[Data to process]:
★ ★ ★ ★
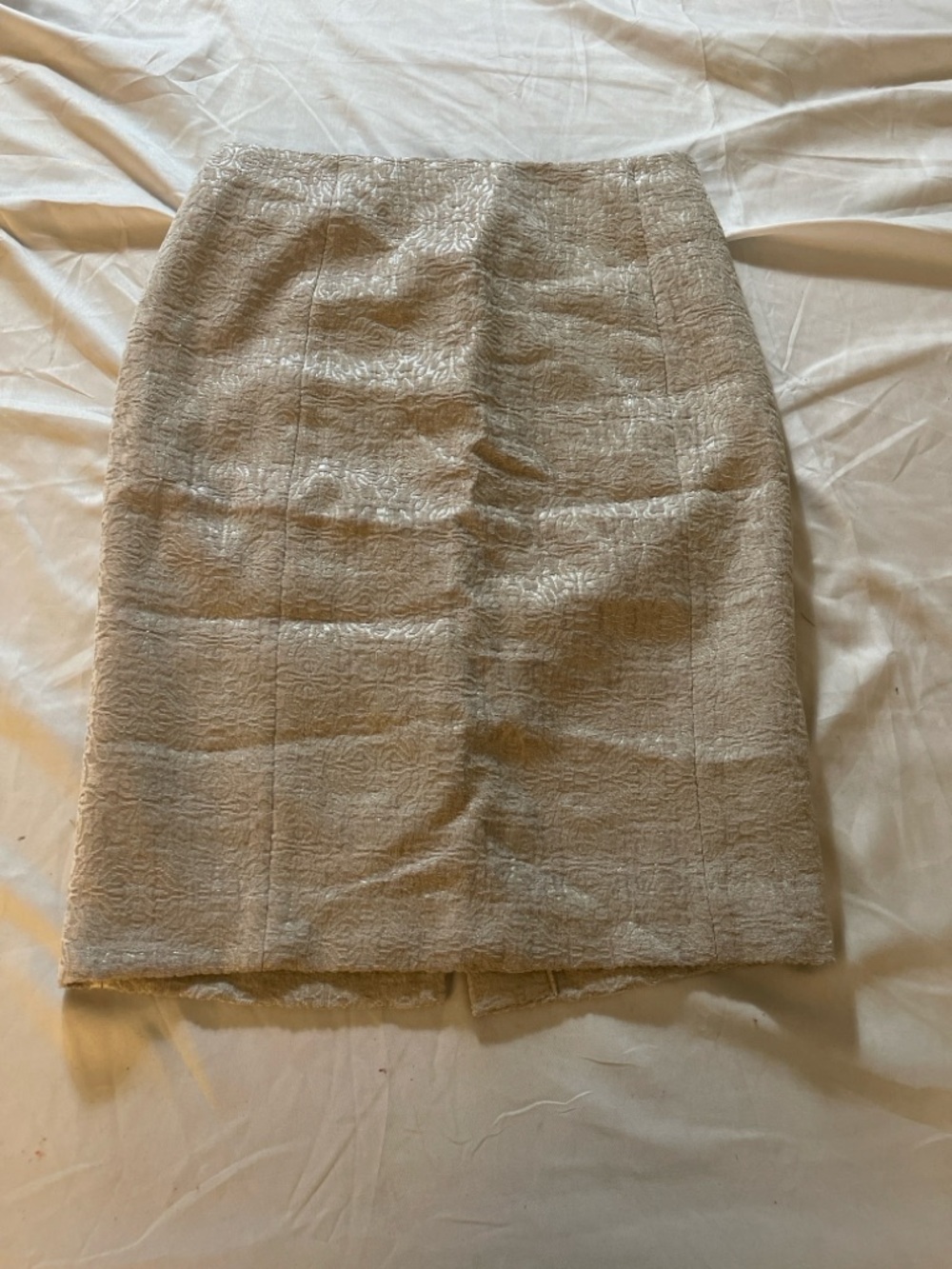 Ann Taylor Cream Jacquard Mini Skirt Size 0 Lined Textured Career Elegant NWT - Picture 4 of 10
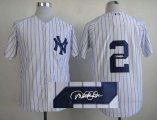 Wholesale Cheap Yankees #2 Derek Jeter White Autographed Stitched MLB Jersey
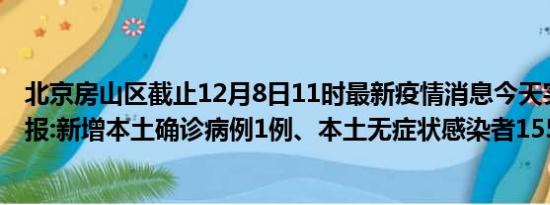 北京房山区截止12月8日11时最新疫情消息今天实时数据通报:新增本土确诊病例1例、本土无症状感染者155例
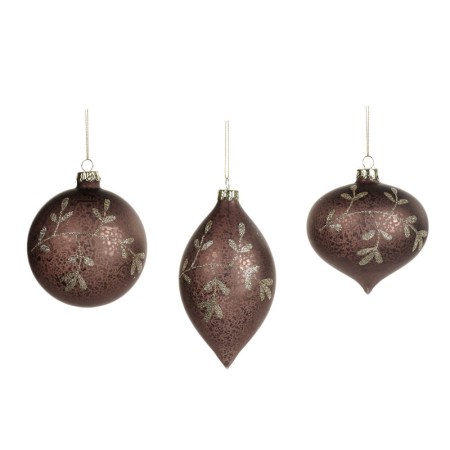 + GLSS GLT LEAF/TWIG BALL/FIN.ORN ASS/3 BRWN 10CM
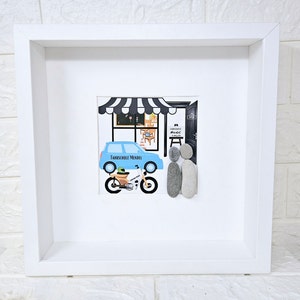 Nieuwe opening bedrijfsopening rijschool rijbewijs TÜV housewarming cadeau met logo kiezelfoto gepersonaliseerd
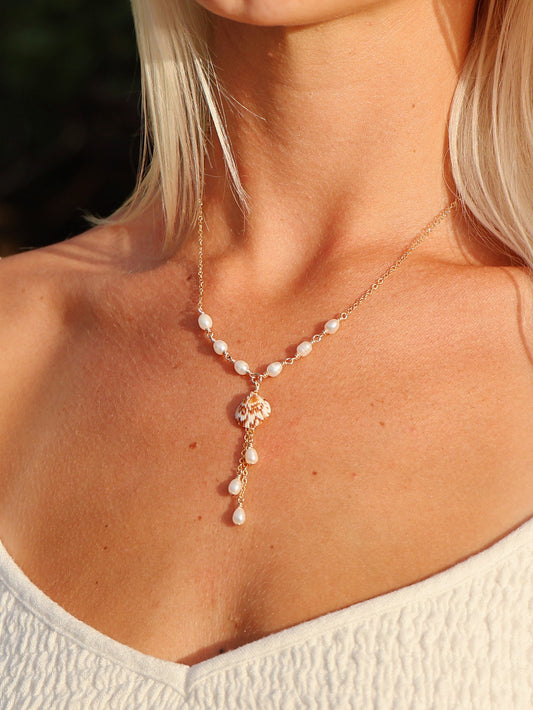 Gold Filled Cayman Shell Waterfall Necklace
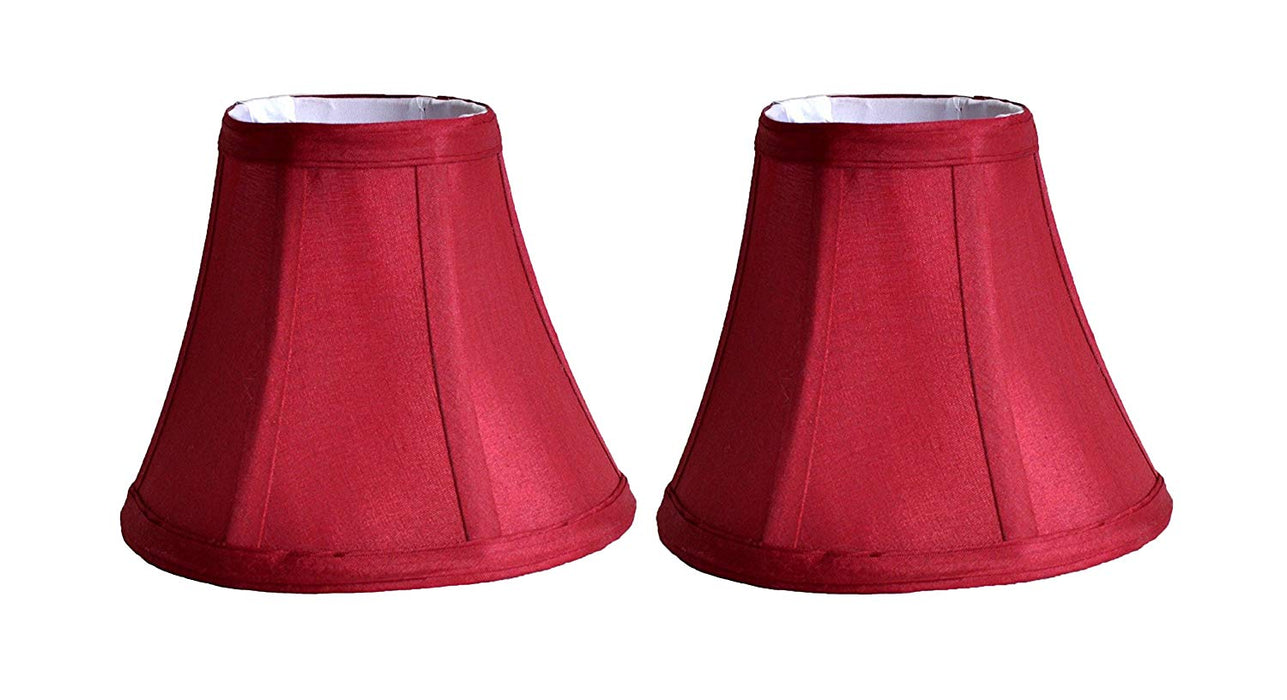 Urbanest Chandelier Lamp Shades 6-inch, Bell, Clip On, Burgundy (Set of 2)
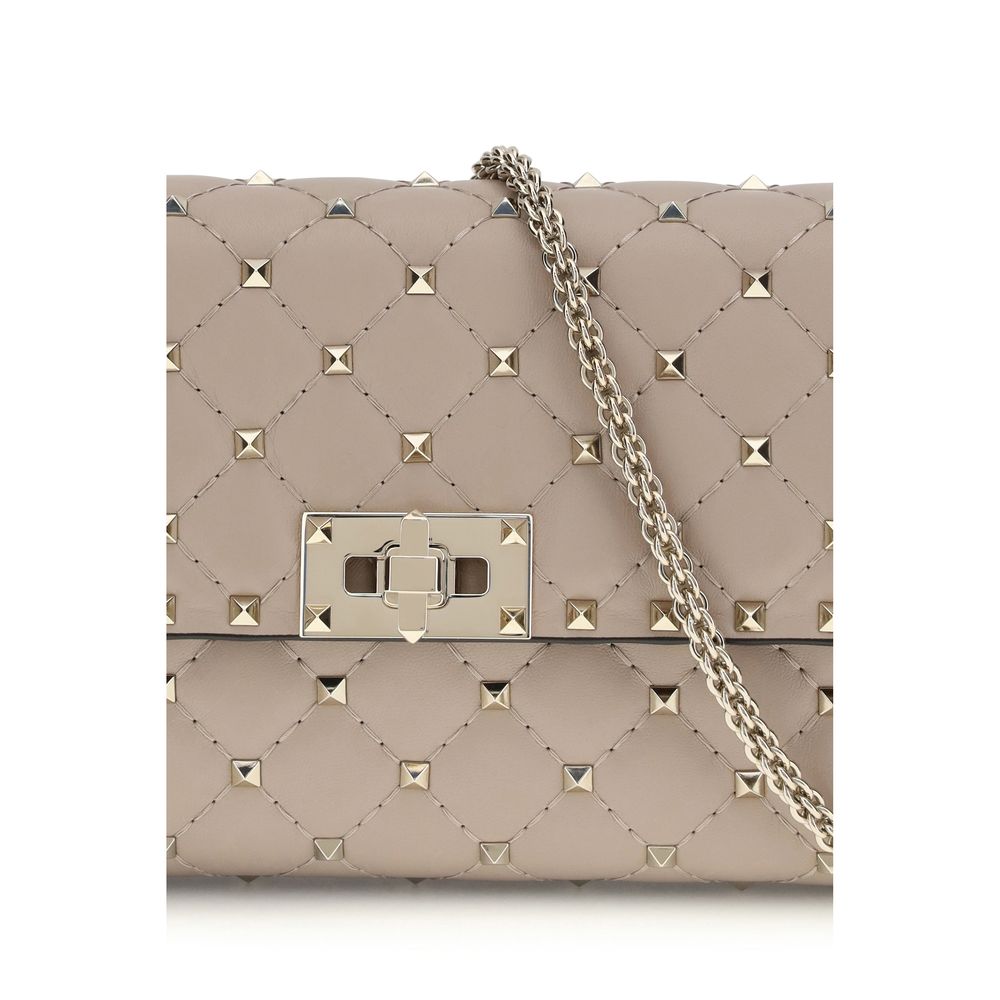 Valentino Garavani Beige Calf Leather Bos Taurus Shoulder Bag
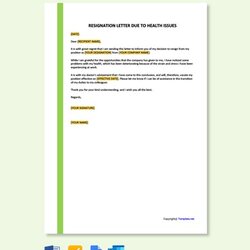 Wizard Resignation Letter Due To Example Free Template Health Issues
★ ★ ★ ★
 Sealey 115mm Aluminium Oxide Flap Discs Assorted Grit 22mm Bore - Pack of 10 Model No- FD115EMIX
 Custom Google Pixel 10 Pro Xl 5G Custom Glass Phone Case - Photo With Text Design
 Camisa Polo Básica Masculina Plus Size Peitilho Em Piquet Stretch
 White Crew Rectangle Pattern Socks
★ ★ ★ ★
[The problem]: Above is the material; set down exactly its lines from the one containing "北京房山区截止12月8日11" down to the one containing "Wizard Resignation Letter", both included, leaving out any pictures.

[Output for this exercise]:
 北京房山区截止12月8日11时最新疫情消息今天实时数据通报:新增本土确诊病例1例、本土无症状感染者155例
 + GLSS GLT LEAF/TWIG BALL/FIN.ORN ASS/3 BRWN 10CM
 Nieuwe opening bedrijfsopening rijschool rijbewijs TÜV housewarming cadeau met logo kiezelfoto gepersonaliseerd
 Gold Filled Cayman Shell Waterfall Necklace
 Urbanest Chandelier Lamp Shades 6-inch, Bell, Clip On, Burgundy (Set of 2)
 Valentino Garavani Beige Calf Leather Bos Taurus Shoulder Bag
 Wizard Resignation Letter Due To Example Free Template Health Issues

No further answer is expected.